----- Data below -----

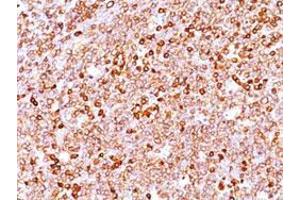Immunohistochemical staining (Formalin-fixed paraffin-embedded sections) of human tonsil with CD79A recombinant monoclonal antibody, clone IGA/1688R . (Recombinant CD79a 抗体  (AA 208-222))
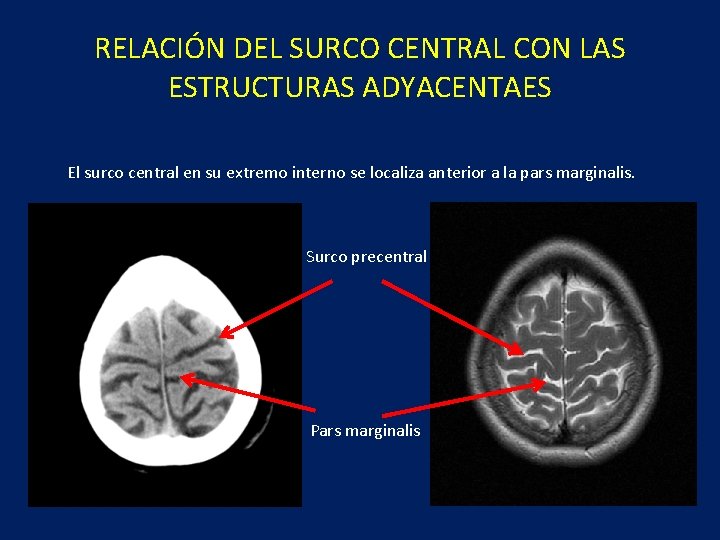 RELACIÓN DEL SURCO CENTRAL CON LAS ESTRUCTURAS ADYACENTAES El surco central en su extremo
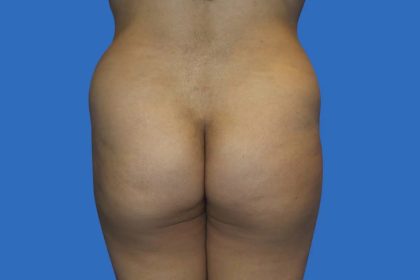 Brazilian Butt Lift Before & After Patient #21022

-----

_Required work_: Only the text of the listing above is copied, exactly as written; its pictures are dropped.

_Output_:
Immunohistochemical staining (Formalin-fixed paraffin-embedded sections) of human tonsil with CD79A recombinant monoclonal antibody, clone IGA/1688R . (Recombinant CD79a 抗体  (AA 208-222))
 RELACIÓN DEL SURCO CENTRAL CON LAS ESTRUCTURAS ADYACENTAES El surco central en su extremo
 Brazilian Butt Lift Before & After Patient #21022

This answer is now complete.